Impedir o uso de Inteligência Artificial personalizada no Brasil teria um impacto econômico profundo. Segundo um estudo do Reglab, uma eventual proibição total dessa tecnologia poderia gerar uma perda acumulada de R$ 855 bilhões ao longo de dez anos para o país.
A estimativa faz parte do levantamento A Dimensão Econômica da Personalização, que avaliou os efeitos macroeconômicos de limitar sistemas de IA capazes de adaptar produtos, serviços e processos produtivos. Conforme o estudo, essa restrição resultaria em uma queda acumulada de 1,64% do Produto Interno Bruto (PIB) brasileiro no período analisado.
A avaliação considera, inicialmente, um impacto direto sobre a produtividade do trabalho. Com apoio na literatura econômica, o estudo aponta que a proibição da personalização por meio da Inteligência Artificial causaria um choque negativo de 1% na produtividade.
Na prática, uma hora de trabalho que antes gerava 100 unidades de produção passaria a produzir 99. Apesar de o efeito inicial parecer pequeno, ele tende a desencadear perdas mais significativas e cumulativas ao longo do tempo.
Segundo o estudo, os setores com maior encadeamento produtivo seriam os mais afetados, como refino de petróleo, metalurgia e agropecuária, que dependem da demanda de outros segmentos. Esses efeitos em cadeia explicam por que a retração acumulada do PIB, estimada em 1,64%, supera o impacto inicial de 1% na produtividade do trabalho.
Impactos em cadeia e efeitos no emprego
Além da redução direta na produção, a restrição ao uso de Inteligência Artificial personalizada também teria reflexos no mercado de trabalho.
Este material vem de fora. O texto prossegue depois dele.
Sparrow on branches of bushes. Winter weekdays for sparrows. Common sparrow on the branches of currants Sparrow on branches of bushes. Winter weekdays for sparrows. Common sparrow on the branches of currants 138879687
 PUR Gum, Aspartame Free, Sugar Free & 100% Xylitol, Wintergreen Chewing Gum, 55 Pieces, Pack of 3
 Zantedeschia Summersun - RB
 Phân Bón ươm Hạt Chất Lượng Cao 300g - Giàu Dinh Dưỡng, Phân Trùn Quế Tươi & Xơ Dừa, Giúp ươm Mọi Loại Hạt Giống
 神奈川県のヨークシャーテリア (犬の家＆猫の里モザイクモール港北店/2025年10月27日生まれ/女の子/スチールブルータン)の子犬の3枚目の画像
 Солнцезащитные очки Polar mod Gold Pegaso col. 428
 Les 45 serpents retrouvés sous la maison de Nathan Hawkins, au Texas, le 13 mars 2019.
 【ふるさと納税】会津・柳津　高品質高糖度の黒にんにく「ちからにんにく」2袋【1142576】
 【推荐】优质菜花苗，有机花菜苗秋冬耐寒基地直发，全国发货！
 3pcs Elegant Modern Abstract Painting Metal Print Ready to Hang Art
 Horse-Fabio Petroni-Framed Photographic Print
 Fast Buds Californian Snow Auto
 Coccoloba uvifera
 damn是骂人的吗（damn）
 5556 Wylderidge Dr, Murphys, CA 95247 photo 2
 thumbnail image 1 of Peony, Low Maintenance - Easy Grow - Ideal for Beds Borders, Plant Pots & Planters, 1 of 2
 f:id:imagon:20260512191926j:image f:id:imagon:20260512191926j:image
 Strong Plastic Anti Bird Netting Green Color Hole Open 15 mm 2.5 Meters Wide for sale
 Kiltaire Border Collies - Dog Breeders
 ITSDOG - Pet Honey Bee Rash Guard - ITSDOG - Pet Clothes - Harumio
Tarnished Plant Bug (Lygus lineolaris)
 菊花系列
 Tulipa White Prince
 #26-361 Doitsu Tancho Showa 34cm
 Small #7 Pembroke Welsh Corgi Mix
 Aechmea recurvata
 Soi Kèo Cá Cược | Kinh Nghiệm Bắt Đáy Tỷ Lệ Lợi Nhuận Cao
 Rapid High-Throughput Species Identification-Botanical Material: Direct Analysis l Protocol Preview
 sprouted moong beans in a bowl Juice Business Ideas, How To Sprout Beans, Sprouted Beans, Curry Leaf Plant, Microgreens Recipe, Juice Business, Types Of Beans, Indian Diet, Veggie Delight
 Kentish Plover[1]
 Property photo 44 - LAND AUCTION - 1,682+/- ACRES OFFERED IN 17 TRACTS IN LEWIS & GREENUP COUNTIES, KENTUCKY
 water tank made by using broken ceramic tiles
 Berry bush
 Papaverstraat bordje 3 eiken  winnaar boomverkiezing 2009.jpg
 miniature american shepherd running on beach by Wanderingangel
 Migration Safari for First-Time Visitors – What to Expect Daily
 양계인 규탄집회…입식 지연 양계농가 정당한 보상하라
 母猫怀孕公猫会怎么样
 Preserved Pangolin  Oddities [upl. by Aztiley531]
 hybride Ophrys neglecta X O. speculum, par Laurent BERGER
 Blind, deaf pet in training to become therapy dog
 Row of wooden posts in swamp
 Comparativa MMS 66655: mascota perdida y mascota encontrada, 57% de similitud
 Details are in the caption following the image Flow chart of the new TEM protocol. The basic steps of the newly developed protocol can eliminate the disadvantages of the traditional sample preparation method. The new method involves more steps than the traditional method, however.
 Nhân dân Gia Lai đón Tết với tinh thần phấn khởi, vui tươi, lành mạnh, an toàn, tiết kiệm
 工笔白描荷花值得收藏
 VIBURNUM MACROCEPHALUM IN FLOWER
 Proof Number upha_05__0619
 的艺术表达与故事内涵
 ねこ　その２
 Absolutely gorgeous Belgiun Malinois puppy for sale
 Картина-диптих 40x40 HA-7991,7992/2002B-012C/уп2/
Com menor eficiência e competitividade, empresas tenderiam a reduzir investimentos, frear contratações e até cortar postos de trabalho, afetando renda e consumo das famílias ao longo do tempo.
O estudo indica ainda que a perda de dinamismo econômico poderia comprometer a capacidade do Brasil de inovar e competir globalmente. Em um cenário internacional cada vez mais orientado por tecnologia e dados, limitar o uso da IA significaria não apenas prejuízos financeiros, mas também um atraso estrutural no desenvolvimento do país.